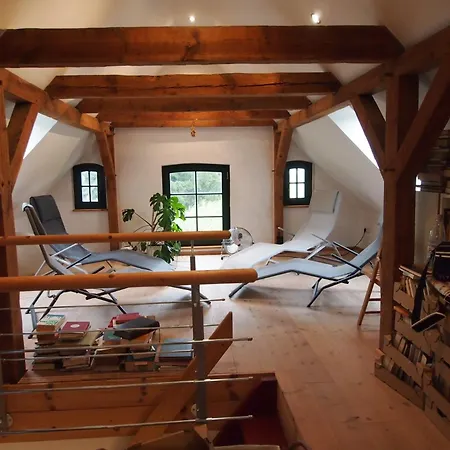 Gut Rattelvitz, Galerie E Mitte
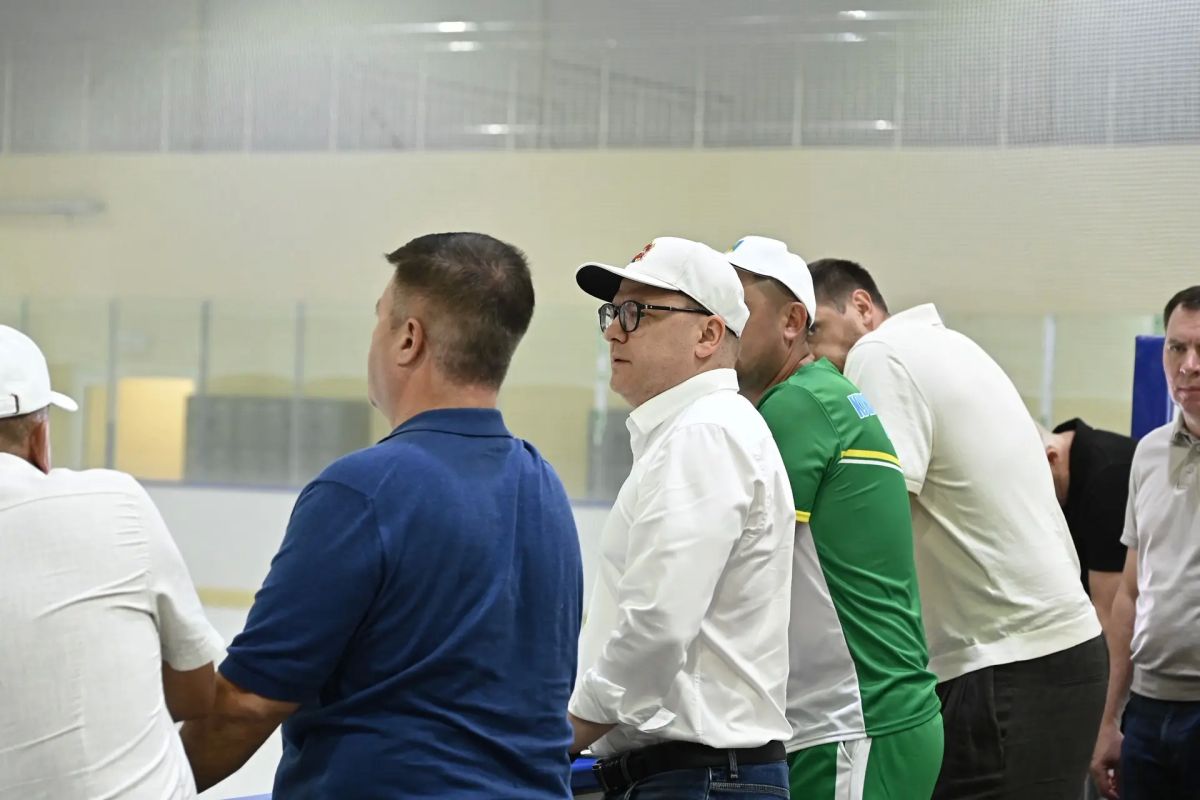 Алексей Текслер оценил готовность к запуску новой ледовой арены в Кунашаке Алексей Текслер оценил готовность к запуску новой ледовой арены в Кунашаке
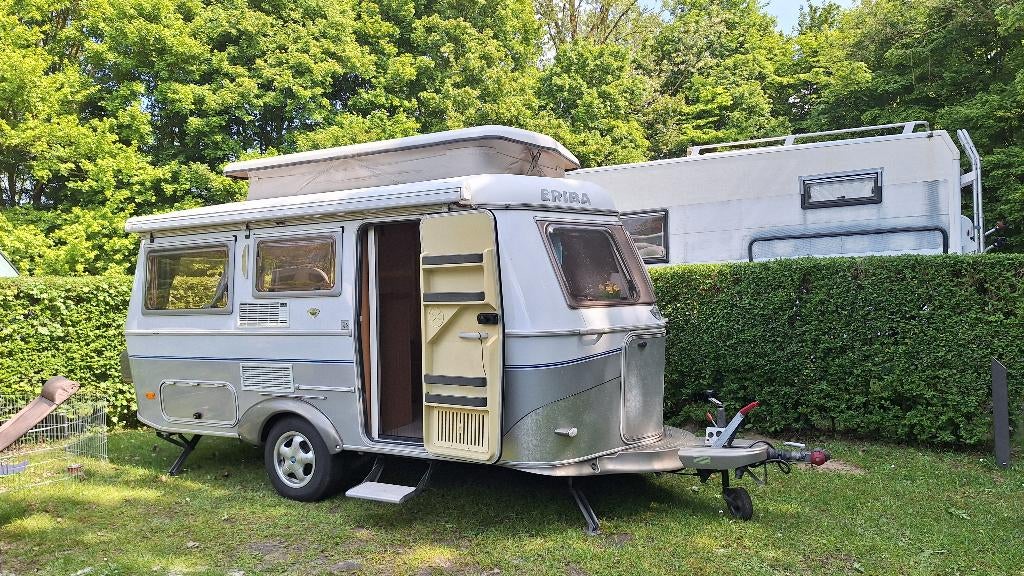 Eriba Triton GT430 - laag model, Caravans en Kamperen, Caravans, Standaardzit, Particulier, Eriba, Tot 4 meter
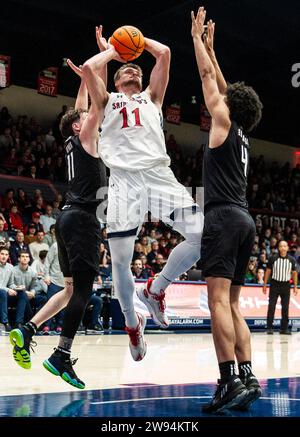 Dezember 2023 Moraga, CA U.S.A. St. Mary's Center Mitchell Saxen (11) schießt den Ball während des NCAA Männer Basketballspiels zwischen Missouri State Bears und den Saint Mary's Gaels. Missouri State schlug Saint Mary's 69-64 im University Credit Union Pavilion Moraga Calif Thurman James/CSM Stockfoto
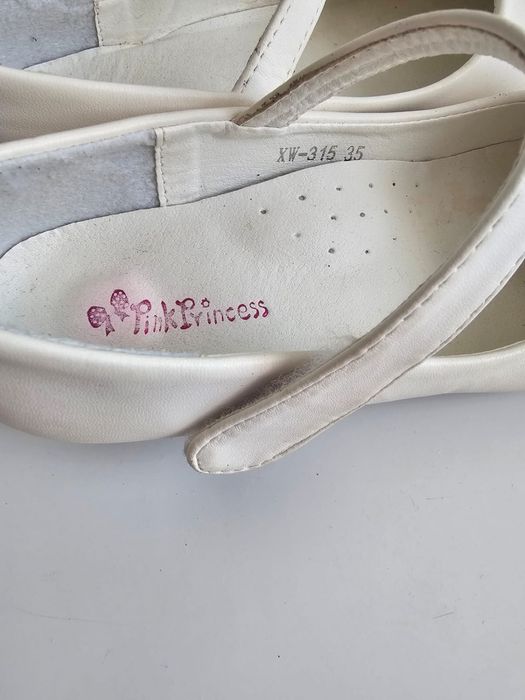 Продаются белые туфли для девочек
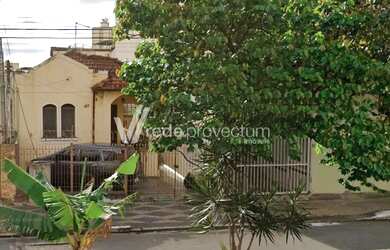 Imagem: A casa possui 4 Dormitórios, 1 Banheiro, 1 Vaga na garagem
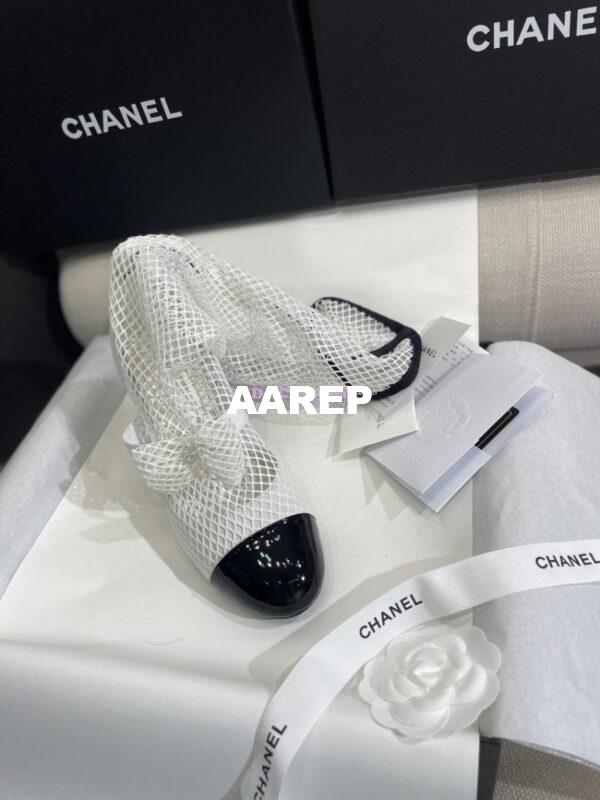 Replica Chanel Mary Jane Resille, Kid Suede & Patent Calfskin G40101 White 15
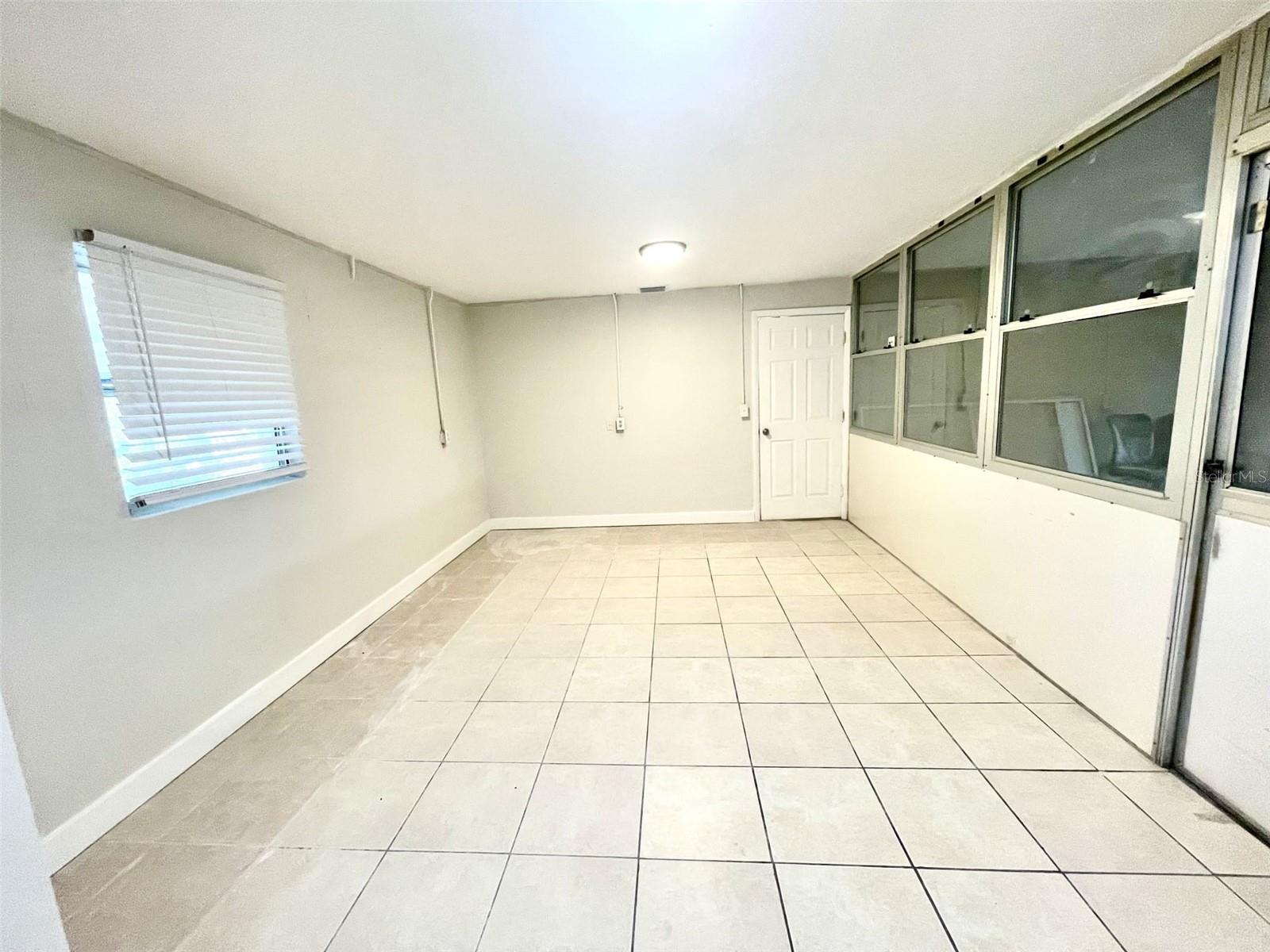 Listing photo id 7 for 102 Jefferson Street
^^^^^^^^^^^^^^^^
* **PROBLEM TO WORK ON**
Retype each line of the records exactly as it reads; no pictures belong in the copy.

* **RESPONSE**
 Gut Rattelvitz, Galerie E Mitte
 Алексей Текслер оценил готовность к запуску новой ледовой арены в Кунашаке Алексей Текслер оценил готовность к запуску новой ледовой арены в Кунашаке
 Eriba Triton GT430 - laag model, Caravans en Kamperen, Caravans, Standaardzit, Particulier, Eriba, Tot 4 meter
 Dezember 2023 Moraga, CA U.S.A. St. Mary's Center Mitchell Saxen (11) schießt den Ball während des NCAA Männer Basketballspiels zwischen Missouri State Bears und den Saint Mary's Gaels. Missouri State schlug Saint Mary's 69-64 im University Credit Union Pavilion Moraga Calif Thurman James/CSM Stockfoto
 Продаются белые туфли для девочек
 Imagem: A casa possui 4 Dormitórios, 1 Banheiro, 1 Vaga na garagem
 Replica Chanel Mary Jane Resille, Kid Suede & Patent Calfskin G40101 White 15
 Listing photo id 7 for 102 Jefferson Street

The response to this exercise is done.